## WHAT IS NEEDED
Output the span of lines from the one that contains "Mavi Pamuklu Erkek" through the end of the records, inclusive, exactly as written and free of pictures.
====== SUPPLIED INFORMATION ======
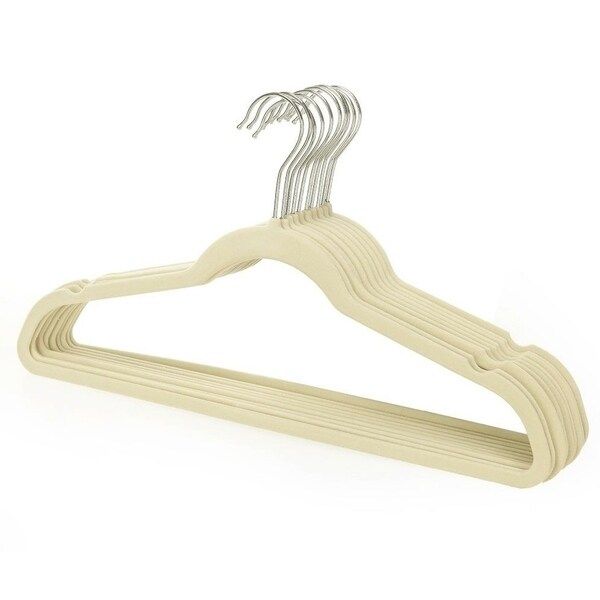 Sweet Home Collection 10. 20 and 30 Pack Velvet Hangers (Ivory) | Bed Bath & Beyond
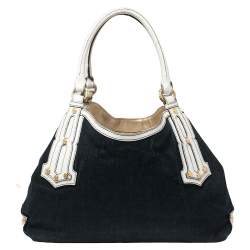 Pre Owned Roberto Cavalli Navy Blue/White Denim and Leather Logo Shoulder Bag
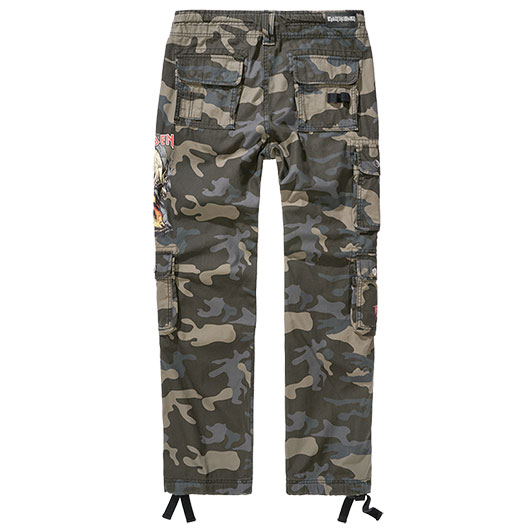 Brandit Hose Pure Slim Fit Trousers Iron Maiden darkcamo Bild 1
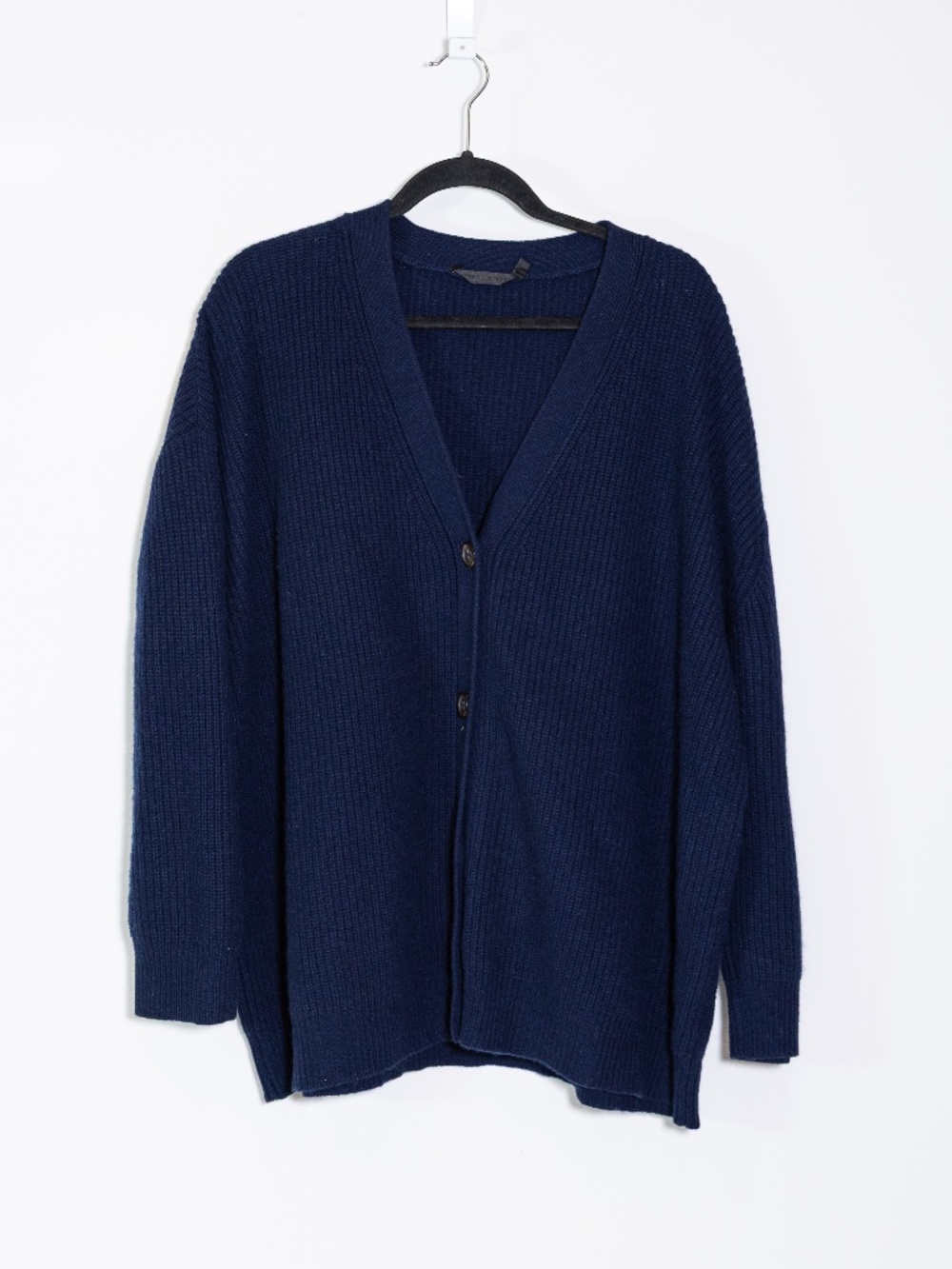 Jenni Kayne Ribbed Knit Cashmere Cocoon Knit Stretch Cardigan Sweater Blue Large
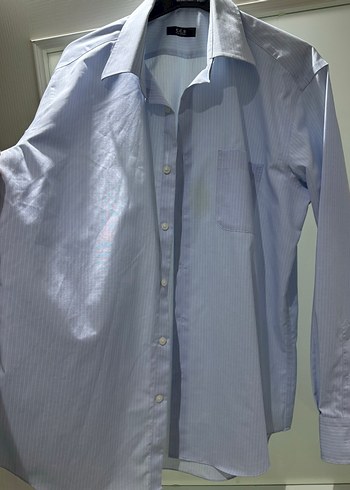 Mavi Pamuklu Erkek Gömlek, Düğmeli, Uzun Kol - Görsel 3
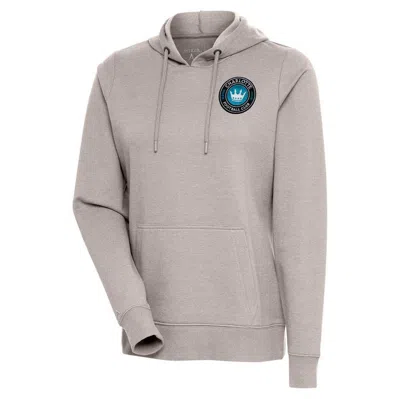 Antigua Oatmeal Charlotte Fc Logo Action Pullover Hoodie In Neutral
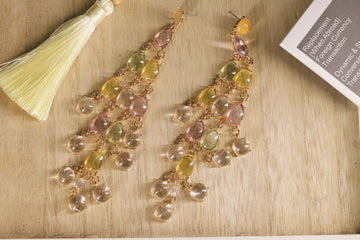 Multi Stone Drop Earrings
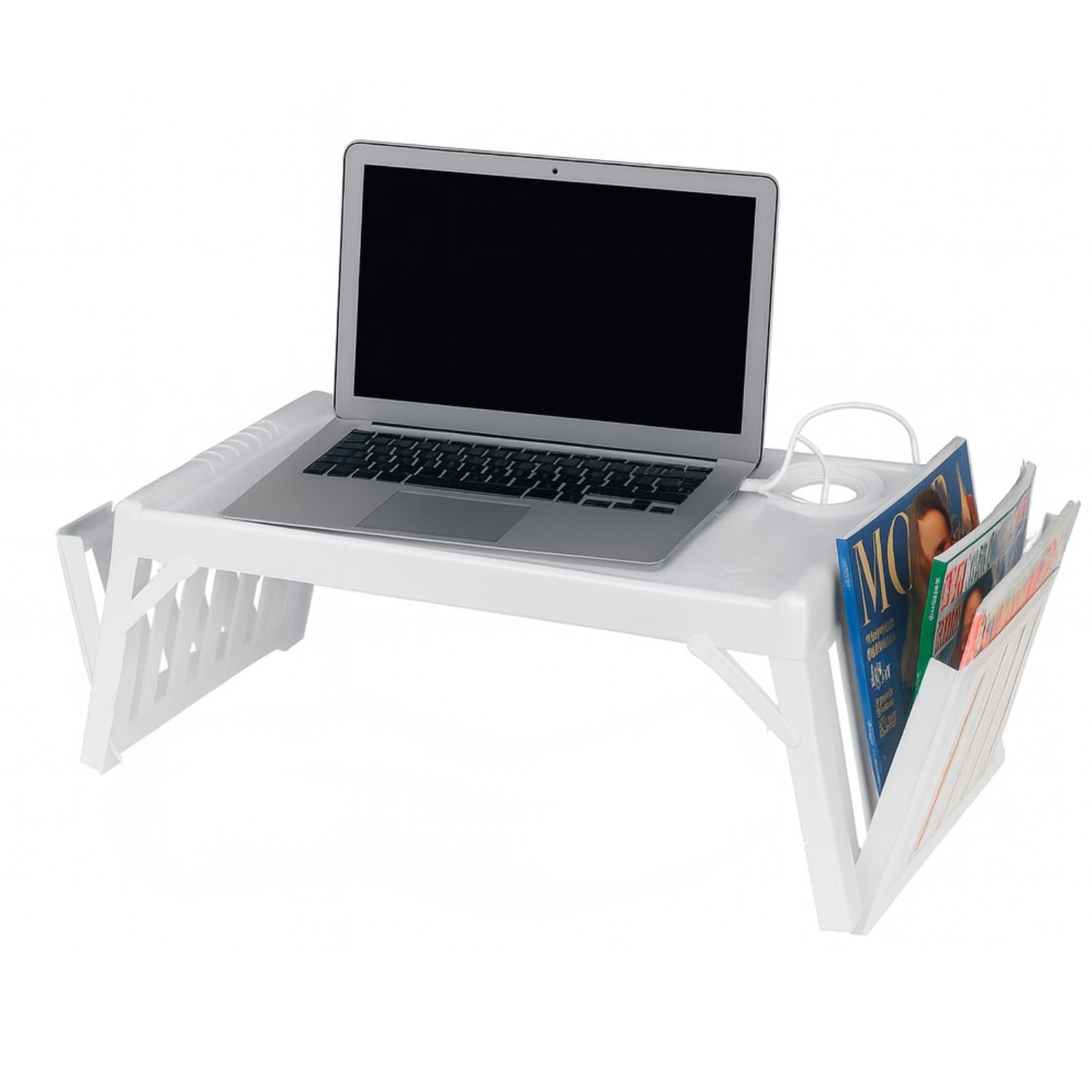 Tavolino vassoio multifunzione bianco con supporto notebook e porta riviste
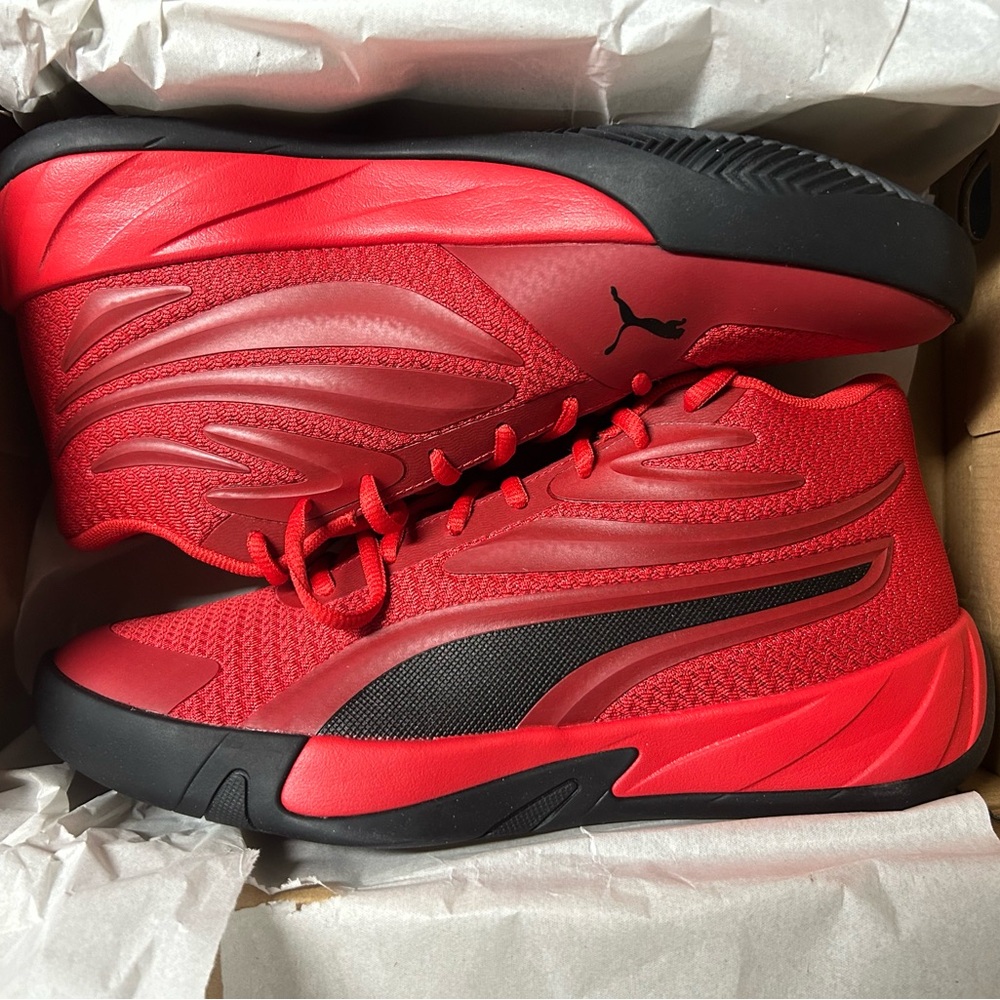 Puma Court Pro Basketball Sneakers Mens 8 Red Black Trim Shoes 310829-02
======
## ANSWER
 Mavi Pamuklu Erkek Gömlek, Düğmeli, Uzun Kol - Görsel 3
 Antigua Oatmeal Charlotte Fc Logo Action Pullover Hoodie In Neutral
 Multi Stone Drop Earrings
 Tavolino vassoio multifunzione bianco con supporto notebook e porta riviste
 Puma Court Pro Basketball Sneakers Mens 8 Red Black Trim Shoes 310829-02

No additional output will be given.